Aderet, Israeli Transsexual Singer, awarded ’12 Points’ by Lebanon

More often than we think, new connections between Jewish, Israeli and Arab people, create their own unique interferencing waves, reverberating in their own space and leave the Israeli Arabic conflict behind them. Look at the Israeli Transsexual singer Aderet on top of the Lebanese song chart, (Jun 27, 2008).
 
Who is Aderet? Is she the new Dana International. I don’t know. Is she a good singer? Well her trance song Say No More raging on top of the famous Beirut Nights radio station, indicate that many people in Lebanon and among the Lebanese diaspora like her hypnotic rythms.

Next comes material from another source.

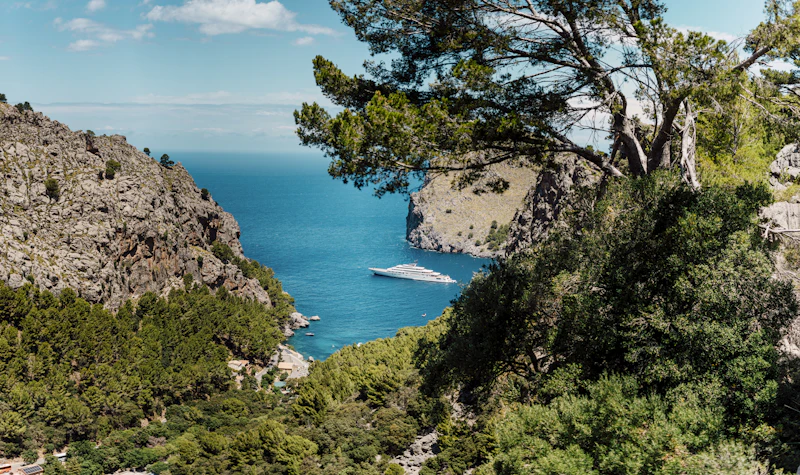 A narrow inlet at Sa Calobra on Mallorca's north coast, framed by pines and cliffs, a motor yacht at anchor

 What is the magic a broadcaster in Beirut pick out an Israeli song to air for a Lebanese audience?
 
 Well first of all chance  “We found out they were playing my music by chance,” the 32-year-old Aderet said on Wednesday.”  But chance has to be consolidated, so:  ” Aderet’s management sent..’Say No More’ the lead single off her first English-language album, Jewish Girl, along with a remix by DJ Dvir Halevi to the Lebanese station.”… 
…” ‘They added the remix to the playlist and a few days later, it was at the top of the most played list’ said Aderet, ‘They know I’m an Israeli singer, and that it’s an Israeli song.’ She continued, ‘It feels great, it’s a big honor for me and makes me so happy that they let a 100 percent Israeli song to be played and to top their playlist without letting politics interfere.’ ” see here.

Sami,  a representative of Beirut Nights, says “We grew up in Beirut listening to Ofra Haza and Ishtar Alabina. We play Aderet, but also Dana International, Sarit Hadad, and DJs Yahel and Ofer Nissim. It’s not a policy because there is no policy, it is just music. You shouldn’t make a big deal about it, because it might hurt us since we are surrounded by fanatics who ultimately have no place in Lebanon.”…, see here

 And the past is always present,  remembering when the ‘fanatics’ where the Lebanese authorities, pulling Lebanon out from the 2005 Eurovision song contest because of Israel’s participation, and preventing the participation of their own talented singer Aline Lahoud with her song Quand tout s’enfui“, see here.

In our era of ‘King Internet’, the very nature of his infrastructure, permits a new musical hide and seek game of crossing and re-crossing the Israeli Lebanon’s ether border: each radio station has the possibility to make his own ‘Eurovision’ song contest.

So the conclusion should be, let the the singers sing their songs, while their fans and their audience gather under the overall protection of ‘King Internet’ . Under his auspice, two weeks ago, the Israeli trance singer Aderet was awarded ’12 points’ by Lebanon.